Thursday, June 25, 2015

Assault on Gaza, One Year Later

"Operation Protective Edge"
 One year ago, on July 8, 2014, Friends were horrified to learn that Israel had launched an all-out assault on Gaza resulting in over 2100 Palestinian dead and 11,000 wounded. The U.N. reports that 1000 wounded children will suffer a life-long disability. At least 142 Palestinian families lost three or more members killed in a single Israeli attack, and nearly 1500 children were orphaned.

Flooded street in Gaza

In addition to the human devastation, “Operation Protective Edge” destroyed homes, schools, municipal buildings, and power, water, and sewer systems – the basic infrastructure so many of us take for granted. Israeli attacks caused widespread damage to Gaza’s already frail and dilapidated electrical grid, run down and in disrepair after nearly 9 years of siege and blockade. In last summer’s attack, Israel intentionally bombed Gaza’s only power plant, knocking it out of commission indefinitely, prompting Amnesty International to condemn the attack as an act of “collective punishment” against the entire population. Without electricity, water treatment plants could not function, leading to the release of raw sewage into open pools, farmland, and the Mediterranean Sea. By last August, 15 tons of solid waste had leaked into the streets of Gaza.

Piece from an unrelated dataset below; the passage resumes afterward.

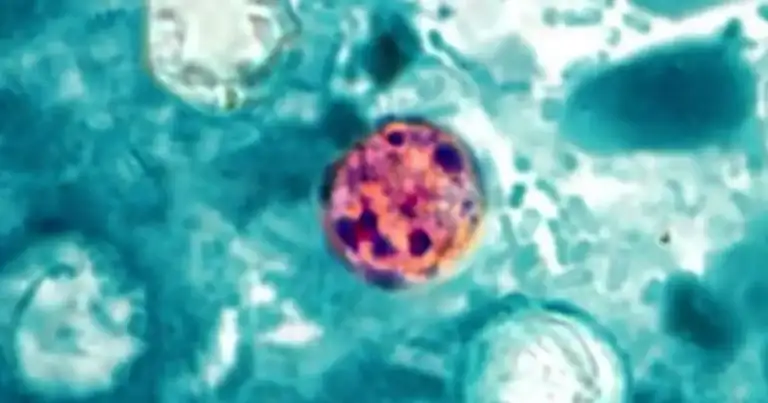 Cyclosporiasis outbreak slams Michigan & Ohio: Public health failure 2 Cyclosporiasis outbreak slams Michigan & Ohio: Public health failure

How are the living conditions in Gaza today? In the 11 months since a ceasefire agreement was signed between Israel and the Palestinians, Israel has refused to allow in the building materials needed to reconstruct Gaza’s infrastructure. Tens of thousands of Palestinian families continue to live among the rubble of their houses without electricity or running water. Aid agencies report that malnutrition is spreading.

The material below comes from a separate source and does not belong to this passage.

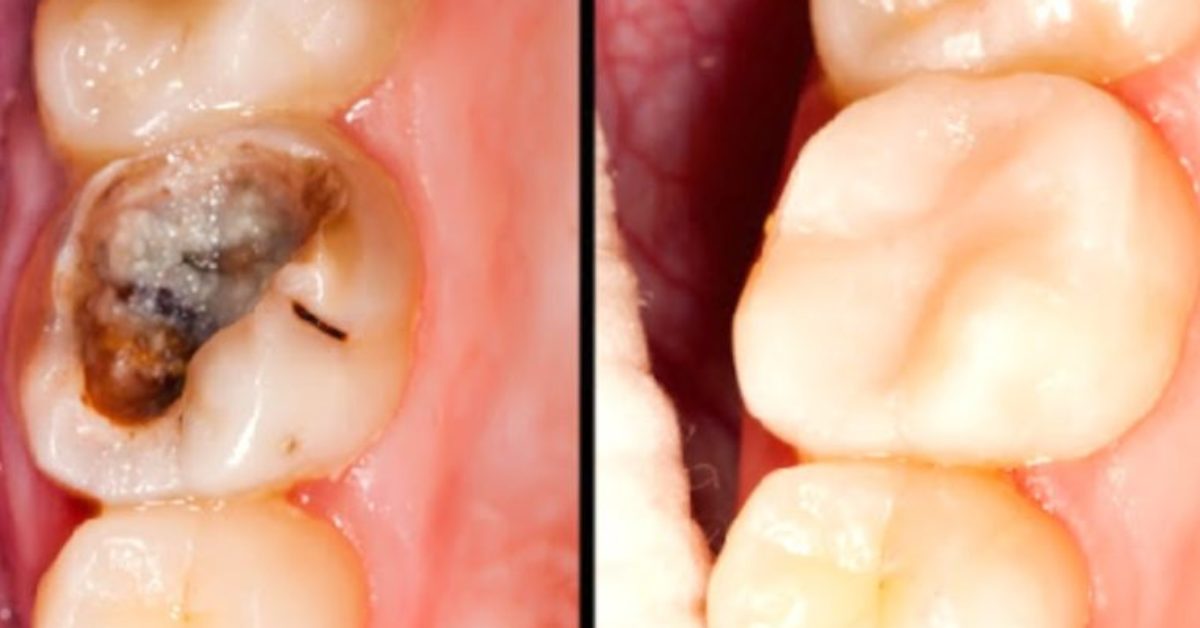 Des scientifiques ont découvert un médicament qui fait repousser les dents cassées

World War II, Montebourg, France
Imagine the ruins of World War II in Europe: cities reduced to rubble, children hungry and homeless, families decimated. Like those Europeans, Palestinians are resilient, creative and ready to work to rebuild. The children of Gaza still have hopes and dreams for their future. Take a look at this sweet little video of Palestinian children against the backdrop of devastation: 

WWII Marshall Plan
Yet unlike post-WWII Europe, where the U.S. launched a massive Marshall Plan to help countries on both sides of the conflict rebuild, Gaza remains under a strict military blockade. Its export sector has virtually disappeared and the manufacturing sector has shrunk by 60%. Even prior to the assault, Gaza’s unemployment rate was 46% -- the highest in the world. 35% of the available agricultural land is now unsafe for Gazans to use. 97% of the water supplied through the municipal networks is still unfit for human consumption.

Fortunately, the United Nations Relief and Works Agency for Palestinian Refugees (UNRWA) has been delivering aid through it all to Gaza as well as to Palestinian refugees in the West Bank, Syria, Lebanon and Jordan – five million in all). Despite incredible challenges, UNRWA is providing schools and teachers, primary health care, emergency food aid, psychological counseling, vocational training and microfinance loans, and is leading the efforts to import vital construction materials. We can support UNRWA online:

Yet the people of Gaza do not want to rely on this critical international aid for the long term.  They’re not even hoping for a Marshall Plan. What will help Gaza the most is our work toward the larger goals: peace and security throughout the region, the resettlement of refugees, an unconstrained economy, the reopening of schools and hospitals, just compensation for confiscated lands and properties, an end to racist assaults and illegal imprisonment – in short, a return to “ordinary life.”  Who would ask for more – or less?